What I noticed most was how different each team’s approach to the artwork was, especially in how they reflected on the visual material. Some responses were quite literal, while others became more abstract, more layered.
For example, in the piece based on Susanne Bonowicz’s work The stars look very different today, the approach was very direct and sincere. The artwork itself was bright and colourful, with recognisable city silhouettes, and the dancers wore costumes that matched the mood of the painting. The music, David Bowie’s Space Oddity, also supported this open and emotional tone. It was beautiful and positive. Everything: the sound, the movement, the artwork, came together like a celebration. I could feel the purity and emotional honesty in it, and it was joyful.
Then there was the response to Ryan Crotty’s painting, which used thick layering of colour.
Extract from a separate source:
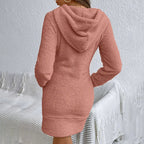 Women’s fuzzy hoodie dress by FitiqueFit, casualwear with a cozy, plush fabric, featuring a hood and relaxed fit for comfortable style.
The dancers reflected this through how they moved through space, beginning low to the floor, gradually moving upward, layering gestures on top of each other, and even lifting one another. It was a kind of physical layering, echoing how the painting had been made. I liked how they translated the material method of painting into choreography, not in content, but in structure.
Another piece by Valo Valentini was more technical and abstract. The dancers and musician worked almost like two parts of a single string, mimicking the vibrations and physical logic of a metal string instrument. It was very precise and intuitive. Less emotional, more about movement physics and sound tension. It created a very different kind of energy, almost mathematical.
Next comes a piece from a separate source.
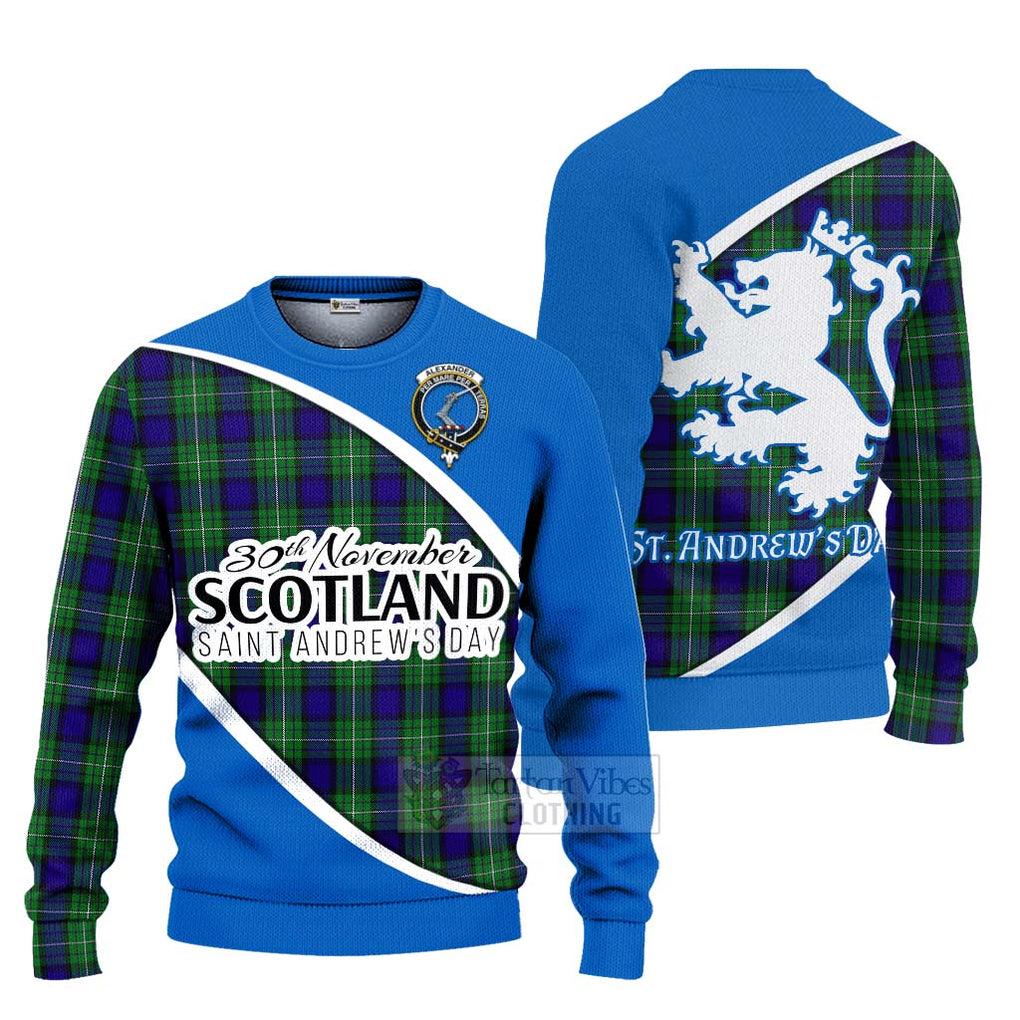 Tartan Vibes Clothing Alexander Family Crest Tartan Knitted Sweater Celebrate Saint Andrew's Day in Style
My own piece felt the most challenging to me, personally. Because my work is colourful on the surface, but there’s something more fragile or even violent underneath. It speaks about pressure, rupture, dualities, the tension inside of us. I felt that the dancer, Jonathan, and the musician, Nicholas, and the dramaturge Jodie, all really understood this. They didn’t try to make it pretty. They worked with the idea of inner struggle. The movement felt like someone looking for clarity, but stuck between two opposing feelings or realities.
And somehow, I felt connected to Jonathan personally. There was a kind of mutual recognition, even though we hadn’t worked together before. As if our inner landscapes shared something, this contradiction between strength and softness, control and collapse. So, in a way, the tension I felt was not just between disciplines, but between interpretations: between comfort and confrontation, between what’s easy to digest, and what demands something more.
Reflection on overall experience:
What surprised me and maybe what I hadn’t fully realised before, was how much my work can shift in meaning when placed into another artist’s hands. This experience reminded me that once the artwork is in the world, it’s no longer just mine. People don’t need to understand my process or intention in order to feel something real. The dancer and musician didn’t know I work with wet paper, and yet they captured something essential about pressure, layering, inner conflict. That made me realise: art doesn’t rely on accuracy, it relies on resonance.
This collaboration also made me think more about authorship. I often feel like I’m in control when I work, even when the material is wild and physical, I’m shaping it. But here, my artwork shaped others. It became a trigger, not a conclusion. A mirror, not a message. I don’t want my work to just “say something.” I want it to open a space where something happens. Where something moves.